Work instructions:
Your copy of the data should match it exactly, leaving out only the pictures.

=== Supplied data ===

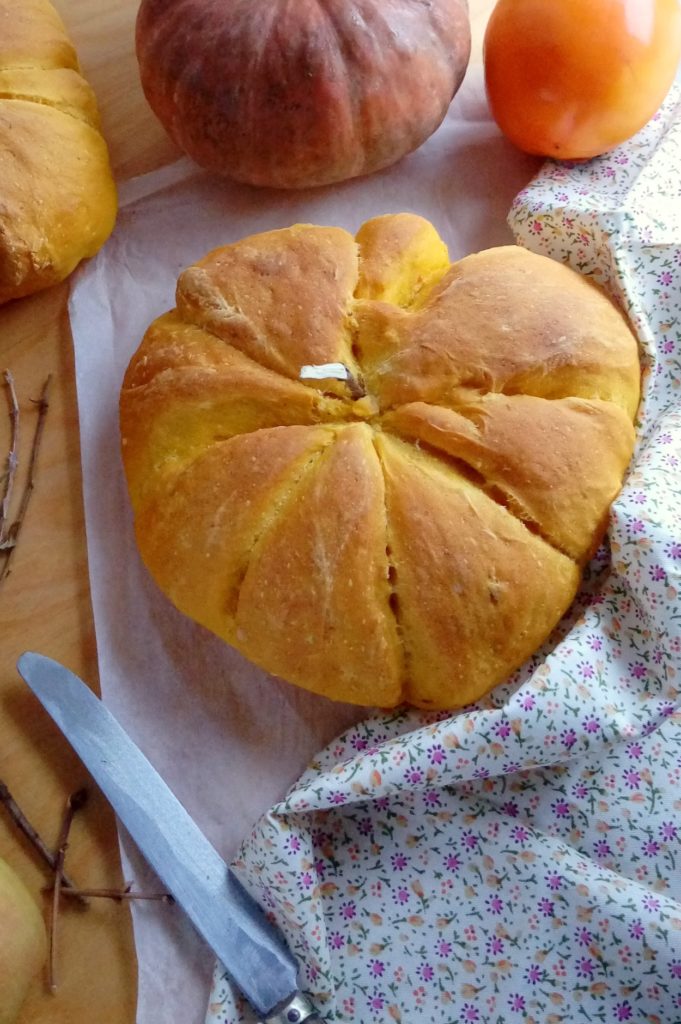 PANE_DI_ZUCCA_1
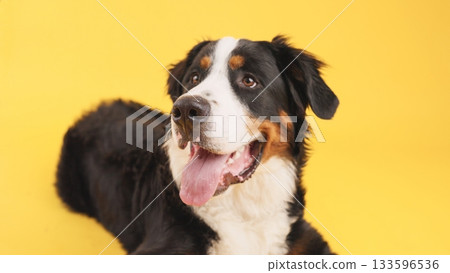 Bernese mountain dog lying down and panting on yellow background 133596536
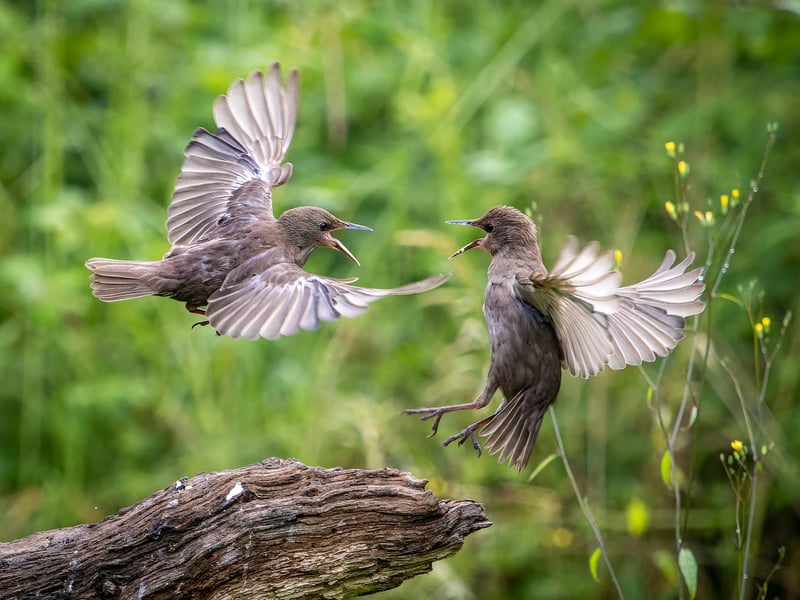 A wildlife fan has captured incredible photos of starlings performing an "aerial ballet" in a Leeds nature reserve. 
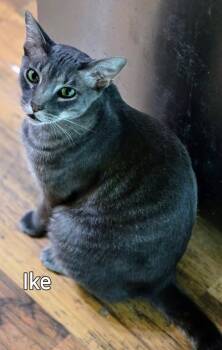 Ike -  Domestic Short Hair Cat Available for Adoption in The Woodlands, Texas - Ike | PetCurious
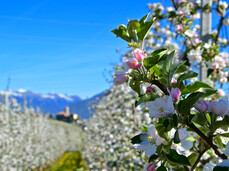 Adoptieren Sie einen Apfelbaum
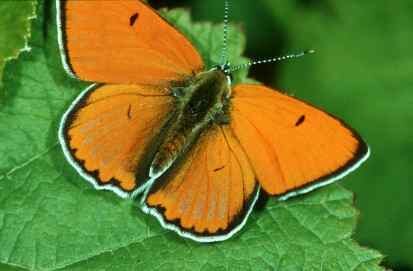 Grosser Feuerfalter (Lycanea dispar) (Foto: Fotoarchiv SNSD)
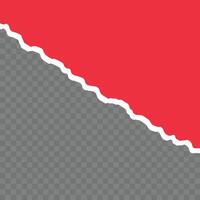 Torn paper on background vector
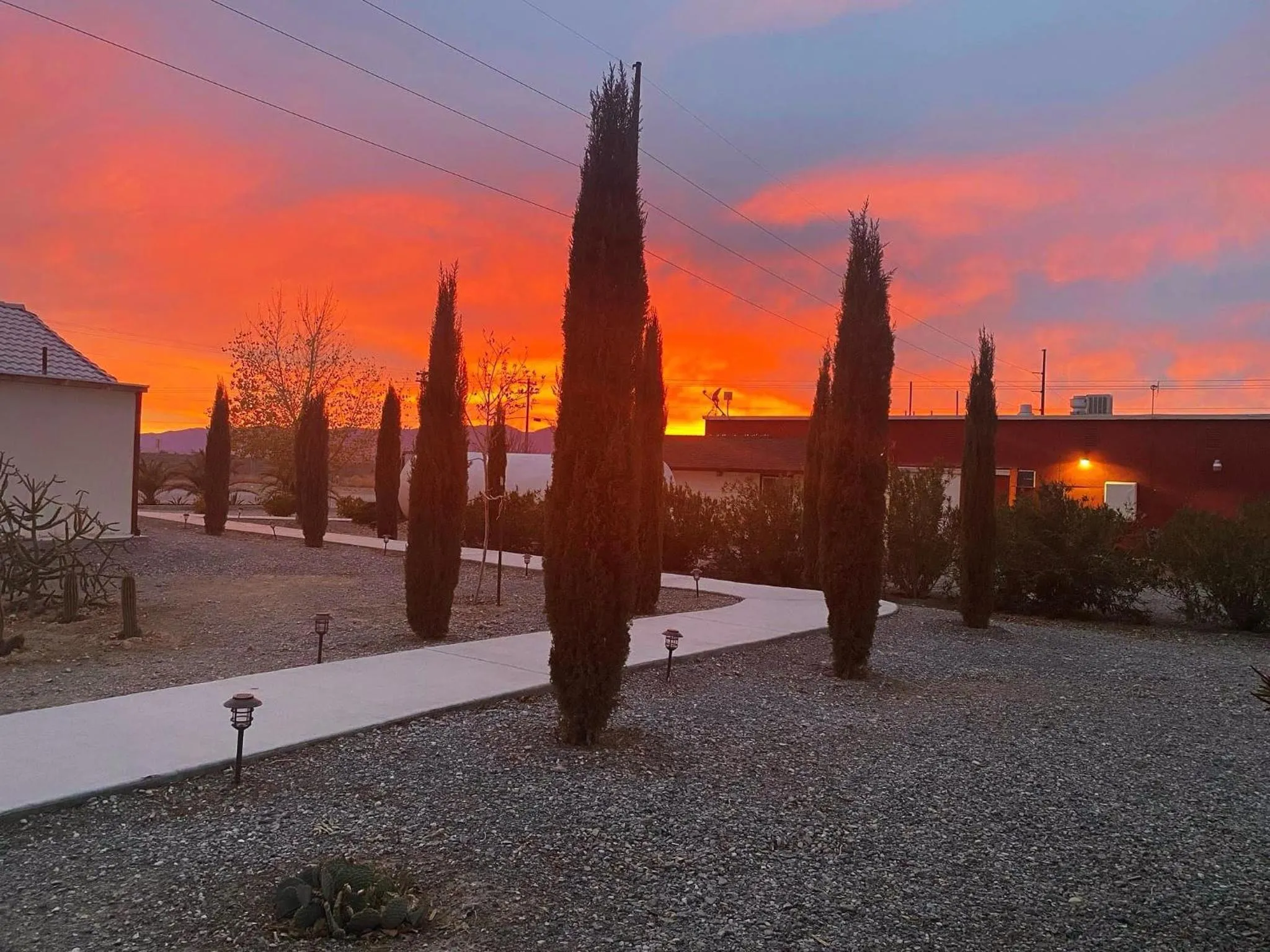 Garden in K7 Bed and Breakfast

===

Answer to the exercise:
 PANE_DI_ZUCCA_1
 Bernese mountain dog lying down and panting on yellow background 133596536
 A wildlife fan has captured incredible photos of starlings performing an "aerial ballet" in a Leeds nature reserve. 
 Ike -  Domestic Short Hair Cat Available for Adoption in The Woodlands, Texas - Ike | PetCurious
 Adoptieren Sie einen Apfelbaum
 Grosser Feuerfalter (Lycanea dispar) (Foto: Fotoarchiv SNSD)
 Torn paper on background vector
 Garden in K7 Bed and Breakfast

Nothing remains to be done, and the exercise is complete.